THE TASK
Set down, please, the line that contains "bedroom featuring connected" and every line that follows it to the end of the records, exactly; do not include pictures.

RECORDS
***

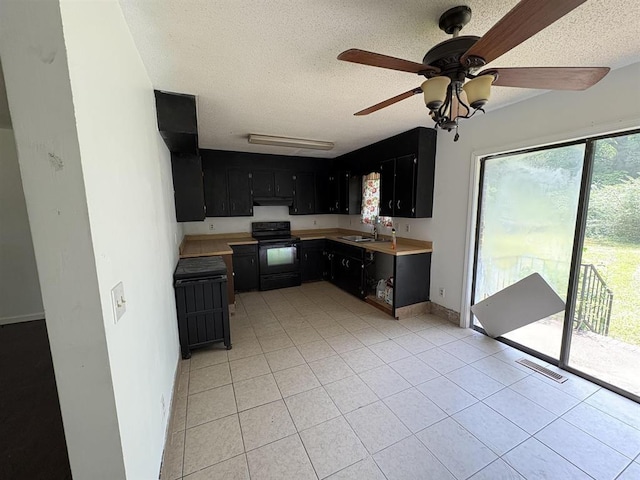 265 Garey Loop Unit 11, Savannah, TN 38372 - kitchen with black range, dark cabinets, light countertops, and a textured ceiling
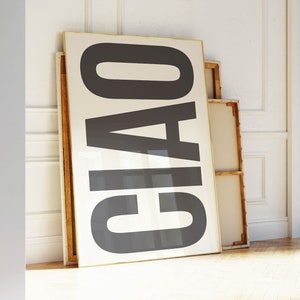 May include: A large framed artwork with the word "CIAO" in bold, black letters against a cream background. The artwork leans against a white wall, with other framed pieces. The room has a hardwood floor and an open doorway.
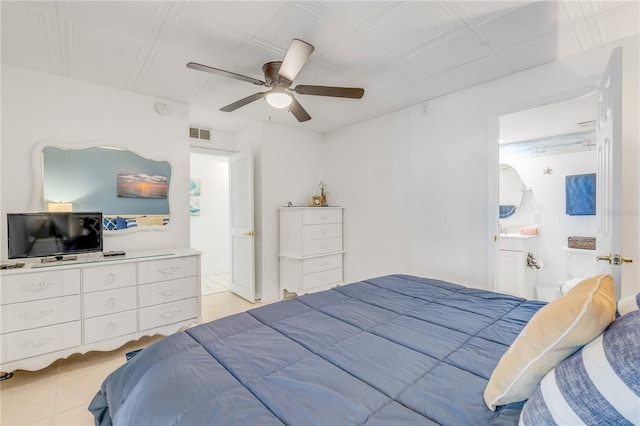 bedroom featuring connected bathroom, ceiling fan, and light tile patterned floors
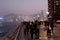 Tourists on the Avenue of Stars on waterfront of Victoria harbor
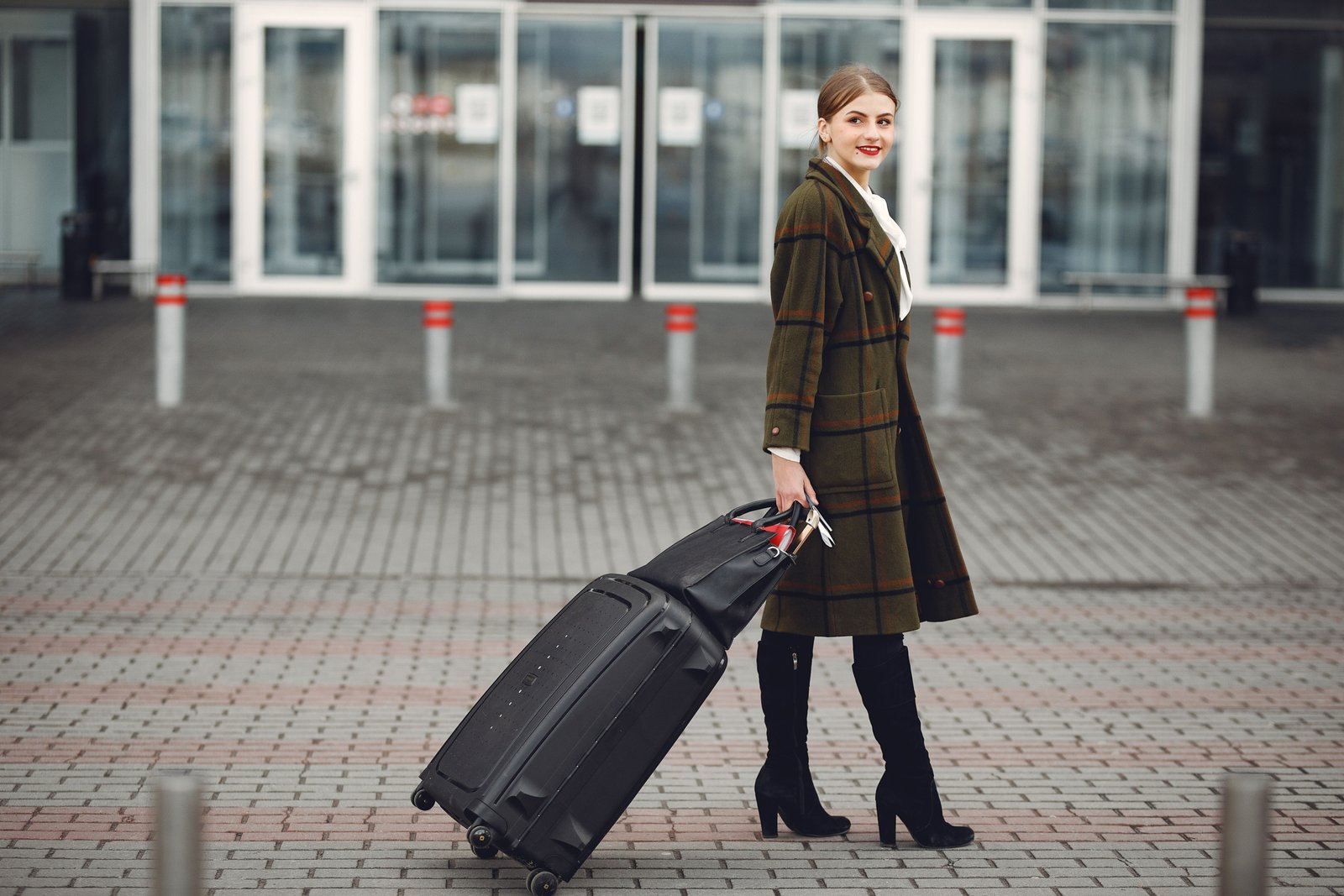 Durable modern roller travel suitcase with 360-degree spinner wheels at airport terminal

***

THE ANSWER
 bedroom featuring connected bathroom, ceiling fan, and light tile patterned floors
 Tourists on the Avenue of Stars on waterfront of Victoria harbor
 Durable modern roller travel suitcase with 360-degree spinner wheels at airport terminal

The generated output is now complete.